The RFC deprecates calling it with null as parameter. Consider this example from the RFC. If the item is fetched from the repository and $result is not null, it will print the class name of the fetched object. But if it is null, Foo will be printed.

class Foo
{

    function bar($repository)
    {
        $result = $repository->find(100);

        echo get_class($result);
    }
}

// In 7.2: Warning: get_class() expects parameter 1 to be object, null given in ...

If you configured the PHP extensions before 7.2, you had to use full filename in the .ini file:

On Windows:

extension=php_mbstring.dll

On Linux:

extension=mbstring.so

That's fine if you are using only one platform. But it gets a bit harder, if you need to write some automation scripts supporting multiple platforms. It was improved in 7.2 and now you can use this both on Linux and Windows:

extension=mbstring

Legacy syntax is still supported, but it is recommended to use the new one.

This is another step in making PHP safer to use. If you mistype a constant in 7.2, it will throw a warning instead of notice (and will throw an error in PHP 8.0).

Simplest example is this:

<?php
var_dump(NONEXISTENT_CONSTANT);


// PHP 7.1
// Notice: Use of undefined constant NONEXISTENT_CONSTANT - assumed 'NONEXISTENT_CONSTANT' in …

// PHP 7.2
// Warning: Use of undefined constant NONEXISTENT_CONSTANT - assumed 'NONEXISTENT_CONSTANT' (this will throw an Error in a future version of PHP) in …

I really like the bug examples in the RFC showing what it's aiming to prevent:

$foo = flase; // typo!
// ...
if ( $foo ) {
   var_dump($foo); // string(5) "flase"
}

And:

$found = false;
foreach ( $list as $item ) {
   if ( is_null($item) ) {
       contniue; // this statement issues a notice and does nothing
   }
   // lines assuming $item is not null
}

It has always been possible to use trailing comma after last array item:

$foo = [
    'foo',
    'bar',
];

It is useful for creating clean diffs in VCS and makes adding new items to the list simple.

This RFC proposed adding an optional trailing comma to all list-like places:

  • Grouped namespaces
  • Function/method arguments (declarations & calls)
  • Interface implementations on a class
  • Trait implementations on a class
  • Class member lists
  • Inheriting variables from the parent scope in anonymous functions

I especially hoped for method arguments declarations and calls. But it did not pass the vote (which needed 2/3 majority, as it is a language change).

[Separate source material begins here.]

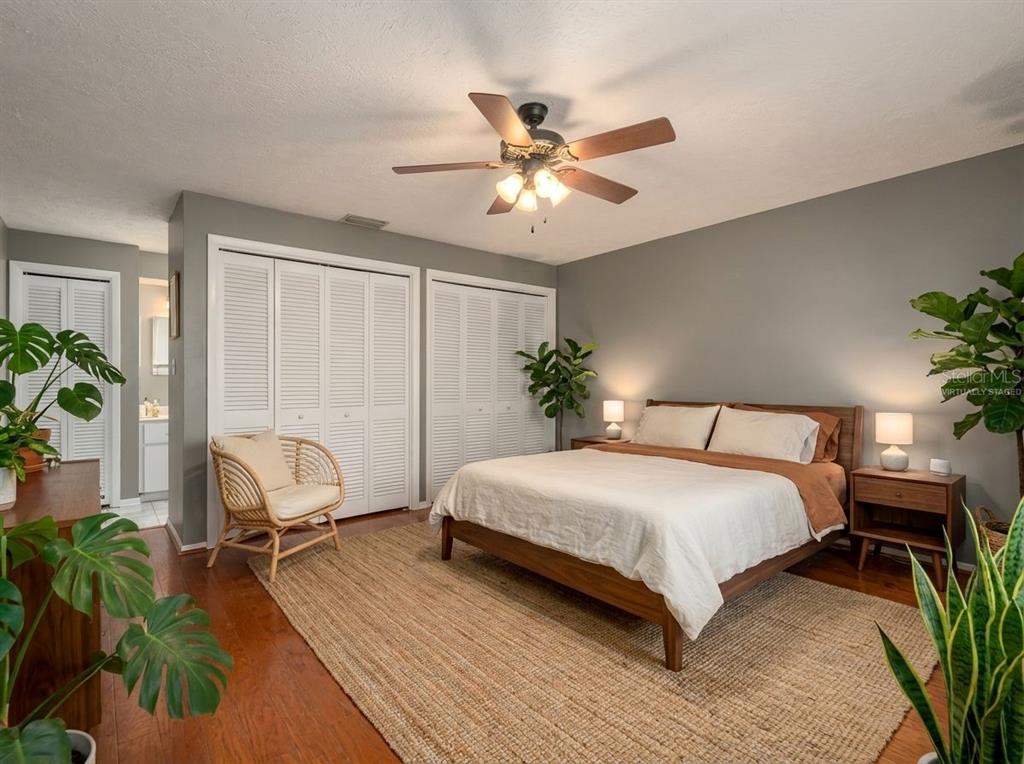 2279 Ranchette Lane Dunedin, FL 34698 - Photo 5 of 50 a bedroom with a bed and a window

Surprisingly, only the "Grouped namespaces" passed:

use Foo\Bar\{ 
    Foo,
    Bar, 
    Baz, 
}; 

// note the comma after "Baz"

Conclusion

PHP 7.2 will contain new security features (sodium, Argon2i), several language improvements (object typehint, type widening) and a variety of minor changes that polish legacy parts of the language.

The RC1 was released on 31st August, so it is now a right time to try it out. If you can't or don't want to use it locally for development just yet, you should at least run your test suite against PHP 7.2 to see if there is anything to be fixed. I think there won't be many compatibility issues in a well-managed codebase.

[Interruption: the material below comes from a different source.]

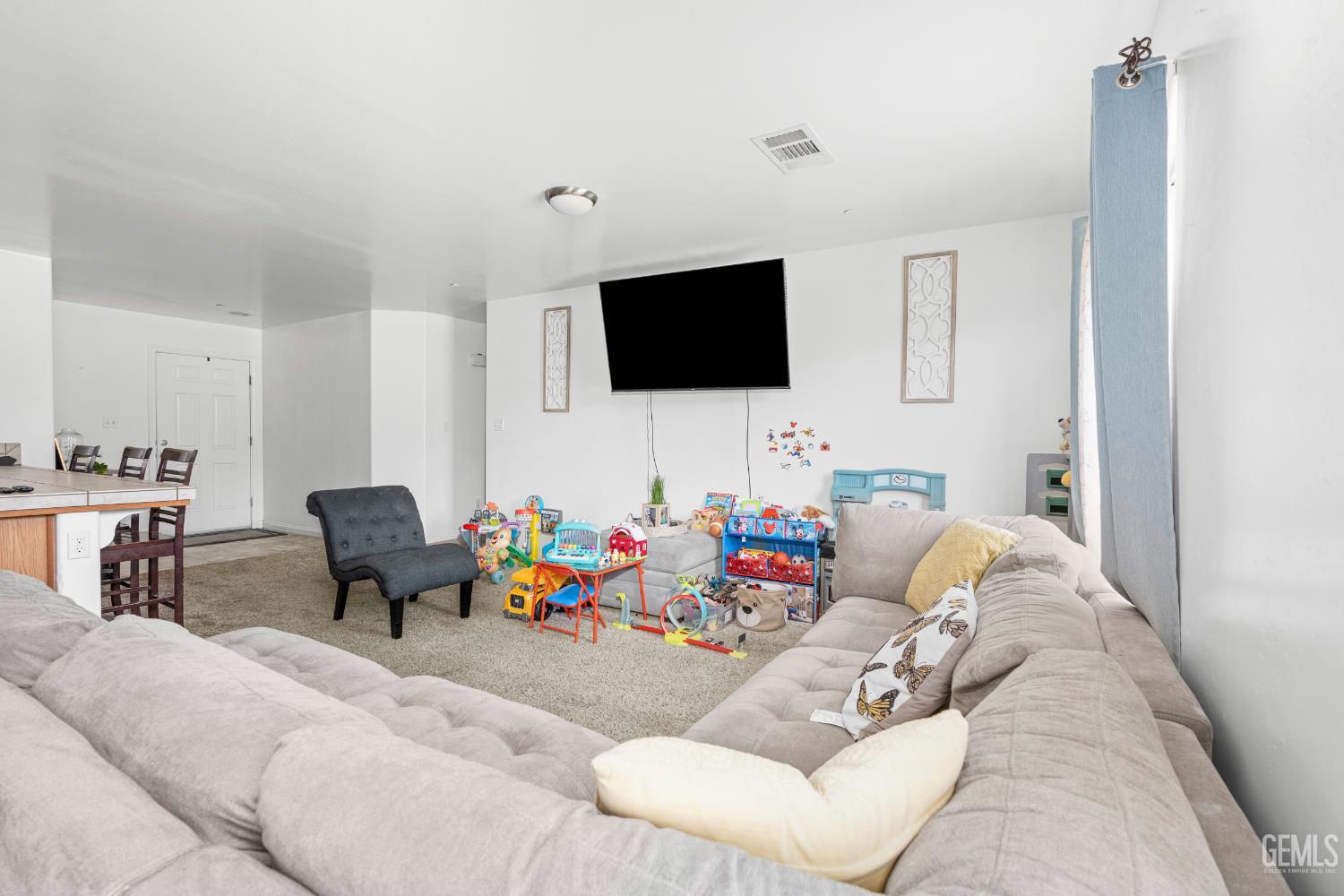 Undisclosed Address Bakersfield, CA 93306 - Photo 9 of 30 a living room with furniture and a flat screen tv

If you are maintaining an open-source project, you should add 7.2 to TravisCI build matrix to ensure that your users won't encounter any compatibility issues. Or you can require PHP 7.2 in the next major version like Doctrine ORM will.

Thank you, Sara and Remi, and all the contributors for making this PHP release great!

What are you looking forward to most in the PHP 7.2?